The reason is pretty compelling: survival. We’ve all seen companies that have established their niche, gotten really comfortable and eventually gone out of business. Remember Blockbuster?  Who ever dreamed we wouldn’t have a video store on the corner? Netflix certainly did.

Getting Started
Start by committing to the creation of an innovation strategy. Just like any other strategy, an innovation strategy serves to solidify your commitment to innovation and sets up criteria by which you can evaluate new ideas so you’re not losing track of the good ones or mistakenly chasing the ones that are exciting but not right for your company.

Here are some tips for crafting your strategy:

Define what innovation means to your organization. Is it inventing new technologies? Is it successfully commercializing new products? Is it improving ways to communicate with customers? Define it and document it.

• Aim high. Your innovation strategy should be inspiring (more so than, say, your IT strategy). Go out on a limb and imagine — give your staff something to strive for. Don’t immediately shut down ideas because you perceive roadblocks. There’s plenty of room for shaping and measuring ideas later.

• Take it seriously. Innovation is one of the more enjoyable parts of business, but it shouldn’t be taken lightly — this is what you are using to kick your competition in the butt, to outpace them in the market space you share. Make it part of your business environment, not a once-a-year meeting.

• Put aside preconceptions. The worst phrase in business is “we’ve always done it this way.” Kick that one out the door and look to your staff, your vendors, your clients and your competition for ways to be more innovative.

• Evaluate often. Including frequent evaluation points will allow you to review what success looks like and the tactics that are going to get you there.

• Incorporate flexibility. Letting your strategy gather dust isn’t particularly innovative. Things change — so your innovation strategy should be a living document.
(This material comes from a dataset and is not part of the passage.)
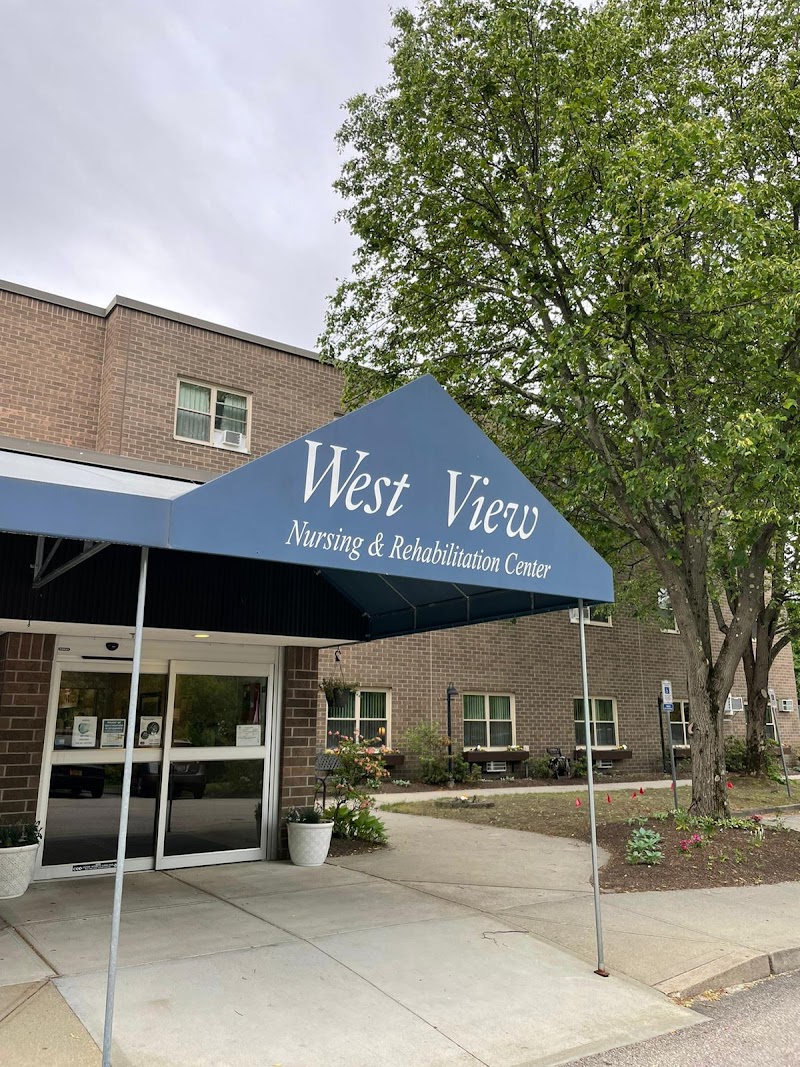West View Nursing & Rehabilitation Center nursing home in West Warwick, RI - Photo 5 of 5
Getting in the Innovative Mindset
If you do what you’ve always done, you’ll keep getting what you’ve always got. So the saying goes — and it’s true. Here are some fun but important steps you can take to create the right space for continuous innovation to occur.

• Turn your office into an innovation lab. You might be thinking, “This is crazy; I couldn’t possibly redesign my office.” But why not? Start by creating group spaces where your staff can talk and share what they are working on. Pick up some whiteboard paint and go crazy in your group space or in the boardroom — provide a space where ideas can become visual and come alive.

No idea how to go about it? Why not work with an interior designer who is experienced in designing commercial spaces and understands how humans interact with their environment to reach their highest capabilities? Then fill your office with examples of innovation: art, books, products or technologies that push boundaries.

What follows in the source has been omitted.